The parties agree to the terms of the Business Associate Agreement that is being contemporaneously executed by the parties, and is incorporated into and forms an integral part of this Governing Agreement. As more fully described in the Business Associate Agreement, Client shall be responsible for procuring and properly maintaining all hardware, software, and other equipment necessary to maintain secure use of and access to The Moxe Technology over the Internet by its personnel. Client shall be responsible for ensuring that its personnel will use The Moxe Technology in a manner that is consistent with the terms of this Governing Agreement and the Business Associate Agreement.
6.2. Protected Health Information.
Client grants to Moxe an irrevocable, non-exclusive, royalty-free, worldwide, perpetual license to: (a) use Protected Health Information to create de-identified information that is, and will remain, the exclusive property of Moxe, and Moxe may use such data in connection with efforts to improve or modify The Moxe Technology, or for research, analytics and modeling purposes; and (b) combine Protected Health Information disclosed by Client to Moxe with the Protected Health Information of other covered entities received by Moxe in its capacity as a business associate of those other covered entities, to permit data analyses that relate to the health care operations of the respective covered entities (Data Aggregation).
7.1. Mutual Warranties.
Each party warrants that it has the full right, power and authority to execute, deliver, and perform this Governing Agreement and any License Agreement without the consent of any third party, or, to the extent any consent is needed, such party warrants that such consent has been obtained or will be obtained prior to the performance of this Governing Agreement.

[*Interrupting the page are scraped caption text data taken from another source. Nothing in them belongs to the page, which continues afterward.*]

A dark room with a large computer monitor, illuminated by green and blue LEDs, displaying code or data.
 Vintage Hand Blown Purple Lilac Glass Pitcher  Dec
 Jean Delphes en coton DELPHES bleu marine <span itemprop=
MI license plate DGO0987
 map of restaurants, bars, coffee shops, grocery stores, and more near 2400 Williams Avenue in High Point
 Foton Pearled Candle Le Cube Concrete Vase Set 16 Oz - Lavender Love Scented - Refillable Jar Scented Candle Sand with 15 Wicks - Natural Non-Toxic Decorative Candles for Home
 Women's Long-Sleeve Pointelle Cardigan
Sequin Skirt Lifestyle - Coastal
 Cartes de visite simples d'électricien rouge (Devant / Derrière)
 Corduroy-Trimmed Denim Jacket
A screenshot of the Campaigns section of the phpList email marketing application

Moxe warrants that the Services will be performed in a good and workmanlike manner consistent with applicable industry standards and will meet the requirements set forth in any applicable License Agreement. This warranty will be in effect for a period of thirty (30) days from the completion of any Services. As Client’s sole and exclusive remedy and Moxe’s entire liability for any breach of the foregoing warranty, Moxe will, at its sole option and expense, promptly re-perform any Services that fail to meet this limited warranty or refund to Client the fees paid for the non-conforming Services
7.3. The Moxe Technology.
Moxe warrants that The Moxe Technology will provide the functionality set forth in any applicable License Agreement.
7.4. Client Disclaimer.
Any data obtained by Moxe via electronic access is provided by Client on an “AS-IS” basis, Client does not warrant the accuracy or completeness of such data, and Client expressly disclaims any implied warranties, including but not limited to, the IMPLIED WARRANTIES OF MERCHANTABILITY AND FITNESS FOR A PARTICULAR PURPOSE. Client does not warrant the availability of Client’s network or that any connection with Moxe will be uninterrupted or continuous.
7.5 Moxe Disclaimer
EXCEPT AS OTHERWISE EXPRESSLY PROVIDED ABOVE, THE SERVICES AND THE MOXE TECHNOLOGY ARE PROVIDED “AS IS,” AND WITHOUT WARRANTY OF ANY KIND, INCLUDING THE IMPLIED WARRANTIES OF NONINFRINGEMENT, MERCHANTABILITY, AND FITNESS FOR A PARTICULAR PURPOSE.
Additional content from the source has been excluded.